TLDR: Twin Learning for Dimensionality Reduction

Overview

TLDR: Twin Learning for Dimensionality Reduction

TLDR (Twin Learning for Dimensionality Reduction) is an unsupervised dimensionality reduction method that combines neighborhood embedding learning with the simplicity and effectiveness of recent self-supervised learning losses.

Inspired by manifold learning, TLDR uses nearest neighbors as a way to build pairs from a training set and a redundancy reduction loss to learn an encoder that produces representations invariant across such pairs. Similar to other neighborhood embeddings, TLDR effectively and unsupervisedly learns low-dimensional spaces where local neighborhoods of the input space are preserved; unlike other manifold learning methods, it simply consists of an offline nearest neighbor computation step and a straightforward learning process that does not require mining negative samples to contrast, eigendecompositions, or cumbersome optimization solvers.
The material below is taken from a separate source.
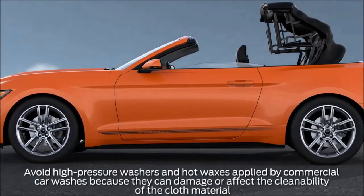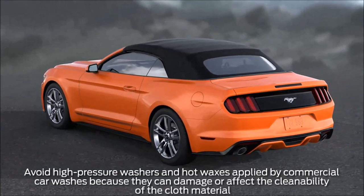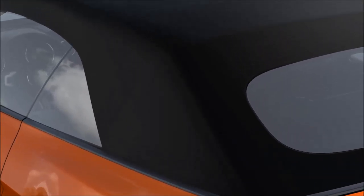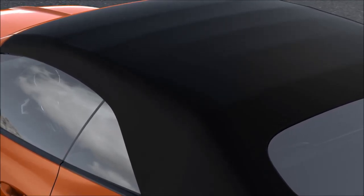Your vehicle may be equipped with a convertible top that requires special care to keep it looking great all year long. Keep in mind that convertible top fabric does not promote mildew growth itself. Mildew may develop on dirt or other foreign substances if not removed. So keeping the fabric clean through regular washings will enhance the life and beauty of the top material.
More details and evaluation can be found in our paper.

diagram
Overview of TLDR: Given a set of feature vectors in a generic input space, we use nearest neighbors to define a set of feature pairs whose proximity we want to preserve. We then learn a dimensionality-reduction function (theencoder) by encouraging neighbors in the input space to havesimilar representations. We learn it jointly with an auxiliary projector that produces high dimensional representations, where we compute the Barlow Twins loss over the (d′ × d′) cross-correlation matrix averaged over the batch.

Contents:

Installing the TLDR library

Requirements:

  • Python 3.6 or greater
  • PyTorch 1.8 or greater
  • numpy
  • FAISS
  • rich

In order to install the TLDR library, one should first make sure that FAISS and Pytorch are installed. We recommend using a new conda environment:

conda create --name ENV_NAME python=3.6.8
conda activate ENV_NAME
conda install -c pytorch faiss-gpu cudatoolkit=10.2
conda install pytorch torchvision torchaudio cudatoolkit=10.2 -c pytorch

After ensuring that you have installed both FAISS and numpy, you can install TLDR by using the two commands below:

git clone [email protected]:naver/tldr.git
python3 -m pip install -e tldr

Using the TLDR library

The TLDR library can be used to learn dimensionality reduction models using an API and functionality that mimics similar methods in the scikit-learn library, i.e. you can learn a dimensionality reduction on your training data using fit() and you can project new data using transform().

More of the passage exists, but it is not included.